Knowledge Representation for the Web

Not all of the work in the Center is in the area of hardware agents. We are also interested in the behavior of software agents which carry out tasks in abstract spaces such as the World-Wide Web. A major issue emerging in this area is the format of “metadata” or data about the content of web pages and other sources of information and computation. Such metadata must be expressed in formal languages, and will be useless unless standard languages that many different agents can process with reasonable efficiency are developed. Drew McDermott and his students are focusing on the issues that arise in this area.

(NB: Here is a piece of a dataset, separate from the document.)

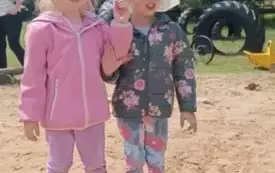 Dziewczynki stoją w piaskownicy.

A classic trade-off in representation systems is between expressivity and tractability. The more that can be said in a representation system, the harder it is to figure out what a particular expression in the system is saying. Hence there is pressure to specialize representation systems to particular domains. For example, the paper industry is likely to develop a notation for talking about attributes of paper, measurements of paper volume, ordering procedures for batches of paper, and so forth; while the real-estate industry develops notations for properties of houses, bidding systems, negotiation procedures, and so forth. Standards are now being hammered out for making sure that these notations share at least the same syntactic framework. The dominant syntax is likely to be XML, the eXtensible Markup Language. But work on semantics is still in its infancy. The need for coherent semantics is likely to become more urgent for two reasons: There may well be legal consequences of providing unclear metadata; and there will be serious interoperability problems as agents that speak different languages try to communicate. The main thrust of McDermott’s group is on translation techniques that address the second of these looming problems, but developing these techniques inevitably involves clarifying fundamental semantic issues.